§ Directions:
Write out each line of the listing as it stands, without the images.

§ Given material:

• • • • • • •

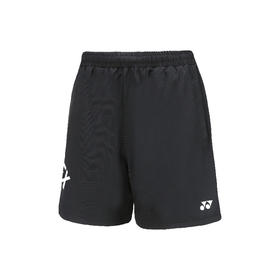 YONEX/尤尼克斯120112BCR男款运动短裤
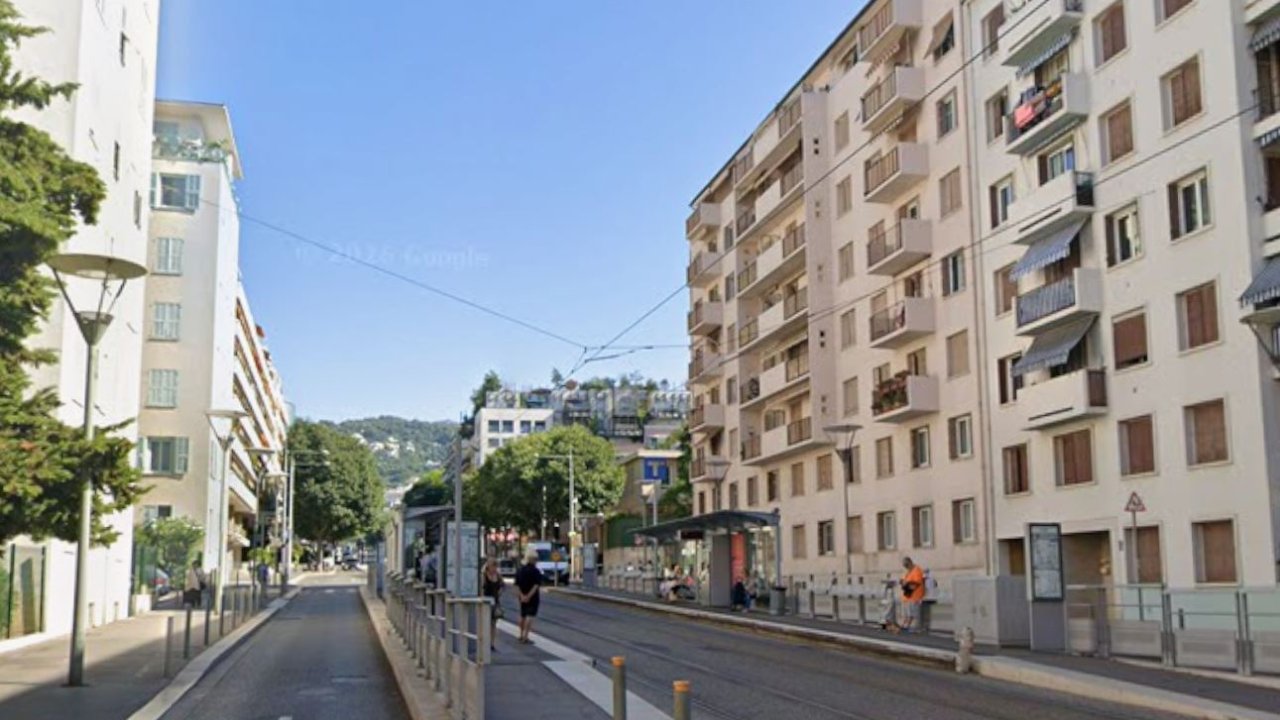 Fusillade &agrave; Nice : quatre jeunes mis en examen dans une affaire de trafic de stup&eacute;fiants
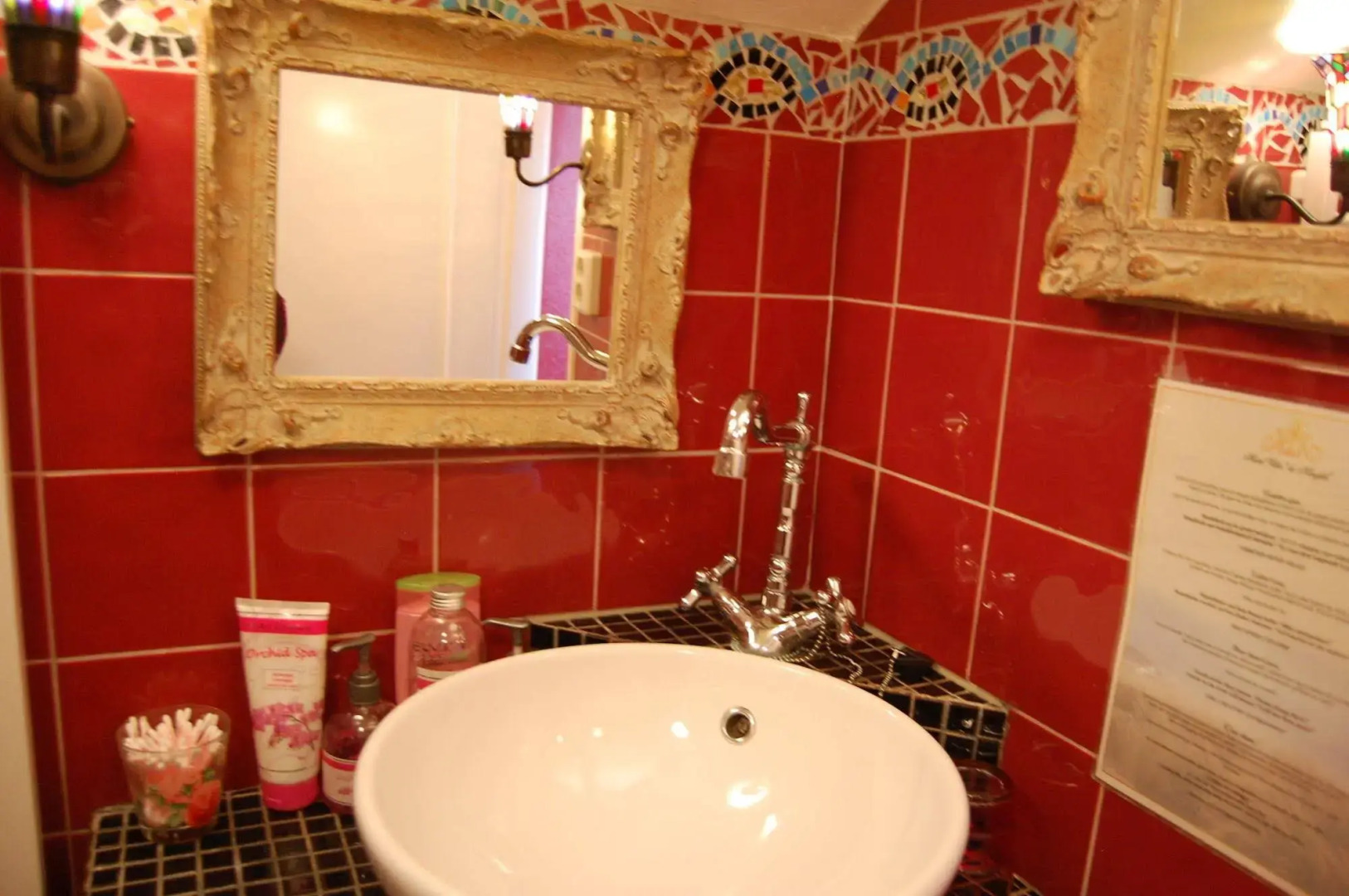 Hotel Villa de Klughte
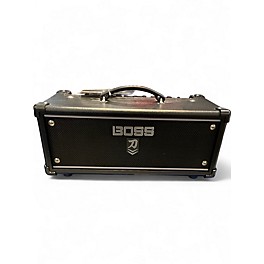 Used BOSS Katana KTN-Head 100W Solid State Guitar Amp Head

• • • • • • •

§ Task solution:
 YONEX/尤尼克斯120112BCR男款运动短裤
 Fusillade &agrave; Nice : quatre jeunes mis en examen dans une affaire de trafic de stup&eacute;fiants
 Hotel Villa de Klughte
 Used BOSS Katana KTN-Head 100W Solid State Guitar Amp Head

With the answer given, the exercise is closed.